If someone doesn't engage them like they're rational folks before they are pulled down the spectrum of radicalization, they will kill people. And that's how important these conversations can be.

Lisa Bennatan:

Do you have hope that things will get better?

Theo Wilson:

Yeah, I have hope in the fact that human beings are relatively cyclical. If we endure peace for too long, sometimes something must be won in drama.

But also, if we end up engaged in too much violence, rhetoric of division and conflict, we also tend to get hungry for a peacemaker. And the peacemakers may have been saying the same things during the time of peace, but the fact is the hunger gets greater, the hotter it gets.

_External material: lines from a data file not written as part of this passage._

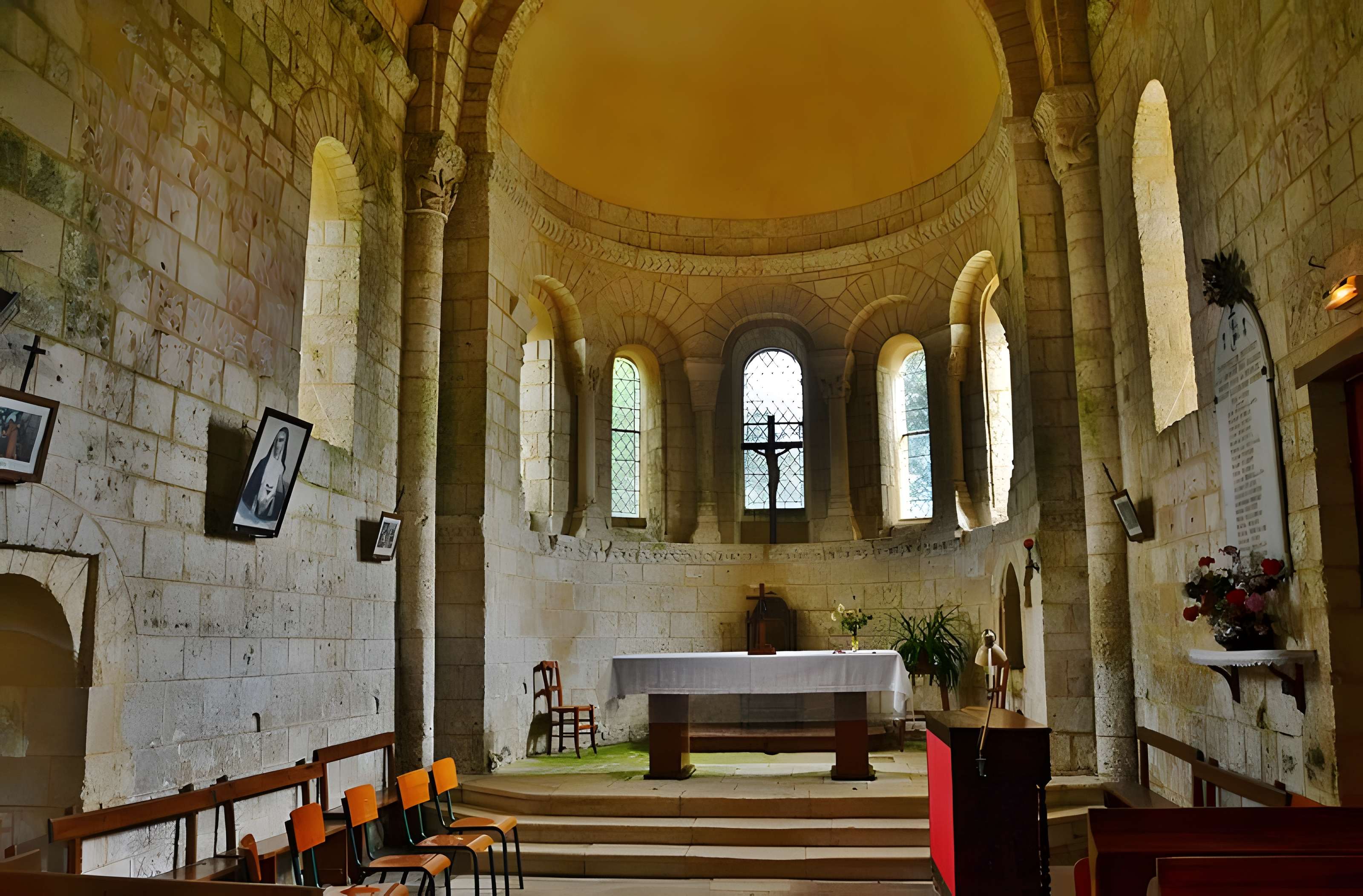Église Saint-Laurent de Bouhet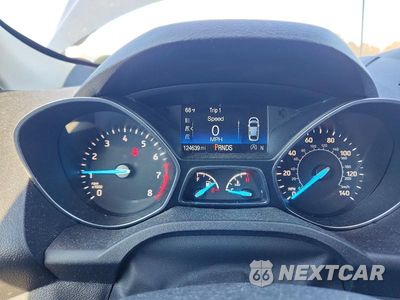 Zdjęcie 9 z 13 samochodu: 2019 FORD ESCAPE SE VIN:1FMCU0GDXKUA27000 - miniatura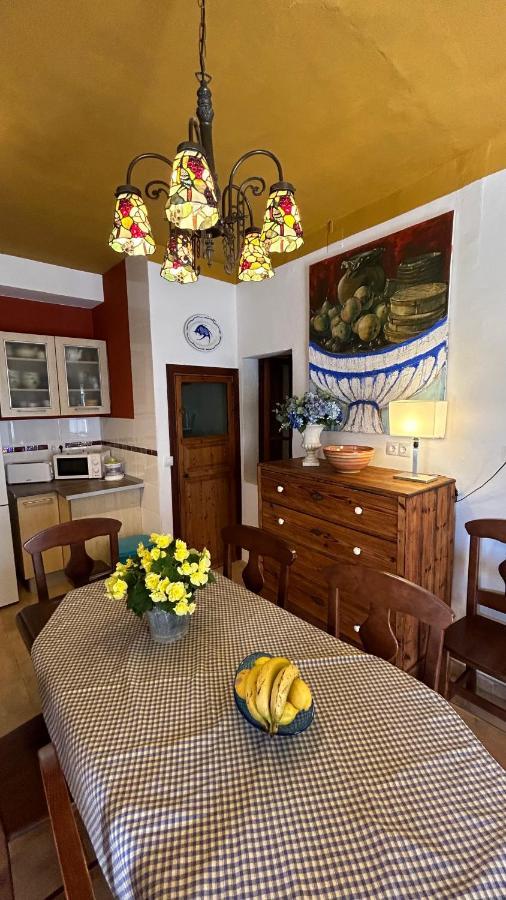 Casa Padrina Burballa Maria De La Salut Bagian luar foto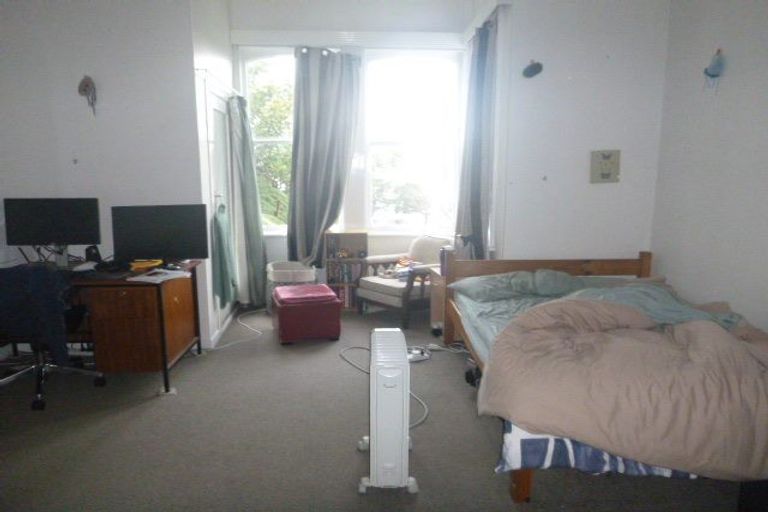 Photo of property in 74 Fairlie Terrace, Kelburn, Wellington, 6021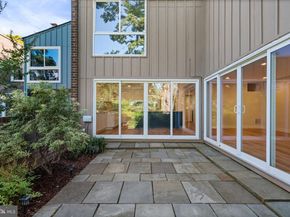 11478 Links Drive, Reston VA 20190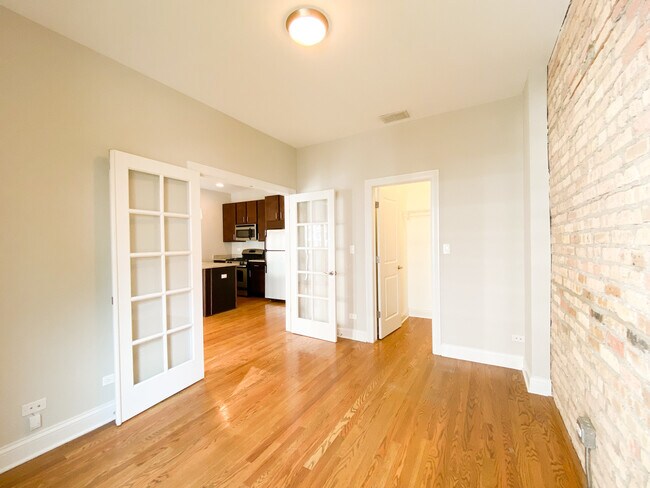 Building Photo - 421 W Belmont Ave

So that's where my hope is. It's just, I wish we could find a way culturally off of the cycle of boom and bust when it came to peace and war.

Lisa Bennatan:

You might not have the answer to this, but do you think that Americans are mostly divided or alternatively, that social media and maybe the media are just giving those voices a bigger megaphone and really Americans might be less extreme, but just those voices don't get heard as much?

Theo Wilson:

Americans are certainly less extreme than the mainstream would have us to believe. And the reason why you know that is because media profits from fear.

Fear drives the news cycle.

When you really drill down and take surveys of people, whether it be Gallup polls or what have you, we tend to meet in the middle on a lot of things.

A friend of mine, Bill Shireman, he has a theory that suggests that there is a middle 70% of us who are rational enough to try to find our way through.

There's extreme 15% on either side. Either the extreme MAGA or the extreme woke who ain't talking to nobody and don't want you to talk to nobody either and since they're so loud the people in the middle 70% think that they don't have a way forward when they do. I think that that's what's pertinent about where we want to be and that is, I guess, a bright spot of hope if you want to take it there.